Personally, I would do this kind of fuzzy data matching in several passes.
-create an xref table which contain the keys for the records that match
-get all that match exactly and insert the keys in the xref table
-"fuzzify" your criteria and search again but only in those records that do not already have a match in the xref.
-rinse and repeat by expanding and/or fuzzifying your criteria until the matches you get are garbage.
You will have to cross join the two tables (m and n yields m x n compares) first and compare to find matches - there is really no other simple way.
However, with meta-understanding of the data and its interpretation and your goals, if you can somehow filter your set to eliminate items from the cross join fairly easily, that would help - especially if there's anything that has to be an exact match, or any way to partition the data so that items in different partitions would never be compared (i.e. comparing a US and Europe location would always have match rank 0)

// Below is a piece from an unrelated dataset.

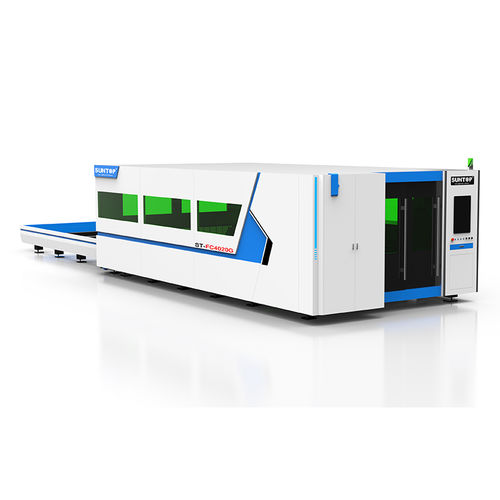 Станок для лазерной резки волокна ST-FC8025-3000Fпо металлудля листового металла из углеродистой стали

I would say that you could use the Lat and Long to eliminate completely if they differ by a certain amount, but it looks like they are used to improve the match ranking, not to negatively eliminate items from being match ranked.
And scalar functions (your FuzzyMatches) called repeatedly (like in a multi-million row cross join) are tremendously expensive.
It looks to me like you could extrac the first match and the inner else to take place in your cross join (and inline if possible, not as a UDF) so that they can be somewhat optimized by the query optimizer in conjunction with the cross join instead of in a black box called m x n times.
Another possibility is to pre-extract only the distinct Phone number pairs, post code pairs etc.
SELECT Postcode1, Postcode2, dbo.FuzzyLogicStringMatch(Postcode1, Postcode2) AS MatchRank
FROM (
SELECT DISTINCT Postcode AS Postcode1
FROM Table1
) AS Postcodes1
CROSS JOIN
(
SELECT DISTINCT Postcode AS Postcode2
FROM Table2
) AS Postcodes2
If your function is symmetric, you can further reduce this space over which to call the UDF with some extra work (it's easier if the table is a self-join, you just use an upper right triangle).
Now you have the minimal set of compares for your scalar UDF to be called over. Put this result into a table indexed on the two columns.
You can do similar for all your UDF parameter sets. If the function definition isn't changing, you only need to add new combinations to your table over time, turning an expensive scalar function call into a table-lookup on relatively slower growing data. You can even use a CASE statement to fall back on the UDF call inline if the lookup table doesn't have an entry - so you can decide whether to keep the lookup tables comprehensive or not.